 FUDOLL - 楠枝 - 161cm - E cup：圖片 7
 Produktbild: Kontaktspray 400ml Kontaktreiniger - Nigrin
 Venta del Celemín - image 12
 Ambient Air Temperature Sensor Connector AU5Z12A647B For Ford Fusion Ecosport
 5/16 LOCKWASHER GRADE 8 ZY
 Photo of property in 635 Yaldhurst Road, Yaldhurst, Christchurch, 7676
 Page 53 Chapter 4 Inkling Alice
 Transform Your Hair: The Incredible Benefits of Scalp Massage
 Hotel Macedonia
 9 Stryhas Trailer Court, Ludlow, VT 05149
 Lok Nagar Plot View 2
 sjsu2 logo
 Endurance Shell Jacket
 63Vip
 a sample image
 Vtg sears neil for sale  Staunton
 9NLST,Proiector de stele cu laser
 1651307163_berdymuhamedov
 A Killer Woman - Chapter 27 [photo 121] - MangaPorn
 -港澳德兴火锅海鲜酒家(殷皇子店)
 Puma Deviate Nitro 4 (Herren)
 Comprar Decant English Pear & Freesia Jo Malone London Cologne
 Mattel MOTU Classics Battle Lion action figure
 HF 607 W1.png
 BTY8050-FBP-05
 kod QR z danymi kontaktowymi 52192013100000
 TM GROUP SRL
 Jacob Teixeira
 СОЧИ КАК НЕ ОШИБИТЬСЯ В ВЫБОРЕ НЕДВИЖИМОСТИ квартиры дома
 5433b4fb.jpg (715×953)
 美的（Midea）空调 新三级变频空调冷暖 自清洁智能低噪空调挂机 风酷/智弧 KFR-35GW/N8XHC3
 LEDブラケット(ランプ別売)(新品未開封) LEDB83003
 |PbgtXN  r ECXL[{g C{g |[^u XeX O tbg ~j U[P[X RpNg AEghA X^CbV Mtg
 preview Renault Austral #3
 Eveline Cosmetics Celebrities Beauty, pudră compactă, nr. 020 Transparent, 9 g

**WHAT TO PRODUCE**
All that is needed is the line containing "Lok Nagar Plot View 2" and each line after it to the end of the data above, set down exactly.

**OUTPUT FOR THIS EXERCISE**
 Lok Nagar Plot View 2
 sjsu2 logo
 Endurance Shell Jacket
 63Vip
 a sample image
 Vtg sears neil for sale  Staunton
 9NLST,Proiector de stele cu laser
 1651307163_berdymuhamedov
 A Killer Woman - Chapter 27 [photo 121] - MangaPorn
 -港澳德兴火锅海鲜酒家(殷皇子店)
 Puma Deviate Nitro 4 (Herren)
 Comprar Decant English Pear & Freesia Jo Malone London Cologne
 Mattel MOTU Classics Battle Lion action figure
 HF 607 W1.png
 BTY8050-FBP-05
 kod QR z danymi kontaktowymi 52192013100000
 TM GROUP SRL
 Jacob Teixeira
 СОЧИ КАК НЕ ОШИБИТЬСЯ В ВЫБОРЕ НЕДВИЖИМОСТИ квартиры дома
 5433b4fb.jpg (715×953)
 美的（Midea）空调 新三级变频空调冷暖 自清洁智能低噪空调挂机 风酷/智弧 KFR-35GW/N8XHC3
 LEDブラケット(ランプ別売)(新品未開封) LEDB83003
 |PbgtXN  r ECXL[{g C{g |[^u XeX O tbg ~j U[P[X RpNg AEghA X^CbV Mtg
 preview Renault Austral #3
 Eveline Cosmetics Celebrities Beauty, pudră compactă, nr. 020 Transparent, 9 g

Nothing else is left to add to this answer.